Directions
The required output is the exact run of lines below that opens at the line with "Fashion High-End Womens" and closes at the line with "Zara Striped Barrel Leg Pants - Size 2".

Given information
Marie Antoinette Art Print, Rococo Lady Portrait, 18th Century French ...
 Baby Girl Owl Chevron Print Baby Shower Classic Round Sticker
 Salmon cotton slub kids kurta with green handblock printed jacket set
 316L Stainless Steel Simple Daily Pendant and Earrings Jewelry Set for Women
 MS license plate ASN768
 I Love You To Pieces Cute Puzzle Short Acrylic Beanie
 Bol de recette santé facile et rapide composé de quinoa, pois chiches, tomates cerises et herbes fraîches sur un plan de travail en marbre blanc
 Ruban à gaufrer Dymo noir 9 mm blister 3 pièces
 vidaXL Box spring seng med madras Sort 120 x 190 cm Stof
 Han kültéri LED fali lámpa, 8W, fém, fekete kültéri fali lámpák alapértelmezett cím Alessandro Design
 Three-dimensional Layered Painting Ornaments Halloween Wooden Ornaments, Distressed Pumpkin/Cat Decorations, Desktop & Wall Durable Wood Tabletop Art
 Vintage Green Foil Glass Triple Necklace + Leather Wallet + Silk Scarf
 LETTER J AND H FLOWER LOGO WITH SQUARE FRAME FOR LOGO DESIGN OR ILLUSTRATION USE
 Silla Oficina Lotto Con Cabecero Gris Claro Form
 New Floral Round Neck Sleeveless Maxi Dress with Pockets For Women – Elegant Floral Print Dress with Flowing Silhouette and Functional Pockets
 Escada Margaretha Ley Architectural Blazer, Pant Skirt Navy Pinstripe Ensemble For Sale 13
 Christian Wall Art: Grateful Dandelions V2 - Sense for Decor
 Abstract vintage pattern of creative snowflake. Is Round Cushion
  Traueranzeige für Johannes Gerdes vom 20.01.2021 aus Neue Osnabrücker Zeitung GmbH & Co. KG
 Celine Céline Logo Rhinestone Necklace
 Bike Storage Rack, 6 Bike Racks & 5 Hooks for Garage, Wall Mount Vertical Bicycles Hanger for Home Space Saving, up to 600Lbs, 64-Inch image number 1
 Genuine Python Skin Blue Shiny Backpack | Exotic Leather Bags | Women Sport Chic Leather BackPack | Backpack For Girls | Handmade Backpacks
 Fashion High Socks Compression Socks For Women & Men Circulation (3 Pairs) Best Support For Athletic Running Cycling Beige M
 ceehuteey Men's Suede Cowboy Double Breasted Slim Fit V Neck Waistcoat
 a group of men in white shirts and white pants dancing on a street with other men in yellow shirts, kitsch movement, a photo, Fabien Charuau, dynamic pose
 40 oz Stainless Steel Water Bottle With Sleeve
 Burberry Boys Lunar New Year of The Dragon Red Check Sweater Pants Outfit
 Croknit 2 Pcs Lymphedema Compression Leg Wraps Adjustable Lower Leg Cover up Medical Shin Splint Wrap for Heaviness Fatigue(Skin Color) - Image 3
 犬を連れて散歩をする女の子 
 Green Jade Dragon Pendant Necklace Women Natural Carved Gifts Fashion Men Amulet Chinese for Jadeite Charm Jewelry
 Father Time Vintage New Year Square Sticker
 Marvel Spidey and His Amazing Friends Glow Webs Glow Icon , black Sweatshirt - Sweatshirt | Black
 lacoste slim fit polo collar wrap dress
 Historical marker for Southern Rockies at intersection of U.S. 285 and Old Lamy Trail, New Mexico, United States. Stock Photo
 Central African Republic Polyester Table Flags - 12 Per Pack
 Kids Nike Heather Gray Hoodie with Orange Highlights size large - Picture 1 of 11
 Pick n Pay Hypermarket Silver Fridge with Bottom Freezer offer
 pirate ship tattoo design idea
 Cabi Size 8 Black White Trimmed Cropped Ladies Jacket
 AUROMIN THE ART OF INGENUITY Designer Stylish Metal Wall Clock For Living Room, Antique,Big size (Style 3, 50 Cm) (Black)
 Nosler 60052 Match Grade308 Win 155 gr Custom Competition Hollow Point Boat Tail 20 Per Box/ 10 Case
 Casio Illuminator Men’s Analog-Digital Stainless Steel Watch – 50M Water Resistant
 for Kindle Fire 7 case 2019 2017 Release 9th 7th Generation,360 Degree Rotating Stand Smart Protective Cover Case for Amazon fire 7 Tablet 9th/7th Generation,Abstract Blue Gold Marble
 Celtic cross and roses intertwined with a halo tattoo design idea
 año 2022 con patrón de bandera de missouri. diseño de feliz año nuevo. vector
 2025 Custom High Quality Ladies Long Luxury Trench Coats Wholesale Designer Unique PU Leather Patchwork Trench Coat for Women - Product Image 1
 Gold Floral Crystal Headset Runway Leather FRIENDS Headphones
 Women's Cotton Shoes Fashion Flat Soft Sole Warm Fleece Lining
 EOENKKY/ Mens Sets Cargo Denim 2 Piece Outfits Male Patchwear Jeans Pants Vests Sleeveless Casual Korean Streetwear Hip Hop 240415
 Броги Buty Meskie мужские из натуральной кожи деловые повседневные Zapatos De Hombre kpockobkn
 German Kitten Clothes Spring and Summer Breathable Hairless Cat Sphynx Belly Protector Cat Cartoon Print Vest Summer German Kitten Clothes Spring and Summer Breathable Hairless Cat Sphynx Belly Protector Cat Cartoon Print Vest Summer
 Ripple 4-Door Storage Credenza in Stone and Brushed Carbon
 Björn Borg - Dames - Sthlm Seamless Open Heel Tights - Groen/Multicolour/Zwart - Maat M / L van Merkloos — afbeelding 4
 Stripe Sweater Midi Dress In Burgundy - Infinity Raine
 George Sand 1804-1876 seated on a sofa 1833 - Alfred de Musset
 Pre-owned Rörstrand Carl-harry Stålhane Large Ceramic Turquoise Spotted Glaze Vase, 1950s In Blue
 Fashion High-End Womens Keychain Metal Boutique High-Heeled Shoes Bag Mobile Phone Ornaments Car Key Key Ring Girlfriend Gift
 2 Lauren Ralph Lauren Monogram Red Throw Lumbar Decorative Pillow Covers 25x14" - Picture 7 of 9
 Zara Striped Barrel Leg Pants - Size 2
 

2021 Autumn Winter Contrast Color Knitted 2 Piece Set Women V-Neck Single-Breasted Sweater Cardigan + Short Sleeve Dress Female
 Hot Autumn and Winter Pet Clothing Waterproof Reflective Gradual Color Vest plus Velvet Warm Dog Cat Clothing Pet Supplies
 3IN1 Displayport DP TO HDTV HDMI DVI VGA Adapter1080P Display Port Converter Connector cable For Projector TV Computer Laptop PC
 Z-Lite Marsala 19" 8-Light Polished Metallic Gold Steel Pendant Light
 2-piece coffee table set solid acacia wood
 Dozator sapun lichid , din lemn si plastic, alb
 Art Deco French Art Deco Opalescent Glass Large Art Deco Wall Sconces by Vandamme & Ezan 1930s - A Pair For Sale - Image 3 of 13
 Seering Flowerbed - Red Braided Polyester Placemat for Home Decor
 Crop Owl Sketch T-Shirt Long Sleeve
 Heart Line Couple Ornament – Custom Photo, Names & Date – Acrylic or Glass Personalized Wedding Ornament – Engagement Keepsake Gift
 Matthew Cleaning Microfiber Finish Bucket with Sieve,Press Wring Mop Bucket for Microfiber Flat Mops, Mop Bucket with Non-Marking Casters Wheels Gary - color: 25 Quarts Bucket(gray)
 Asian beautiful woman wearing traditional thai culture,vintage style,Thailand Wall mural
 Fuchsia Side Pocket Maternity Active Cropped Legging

Written solution
 Fashion High-End Womens Keychain Metal Boutique High-Heeled Shoes Bag Mobile Phone Ornaments Car Key Key Ring Girlfriend Gift
 2 Lauren Ralph Lauren Monogram Red Throw Lumbar Decorative Pillow Covers 25x14" - Picture 7 of 9
 Zara Striped Barrel Leg Pants - Size 2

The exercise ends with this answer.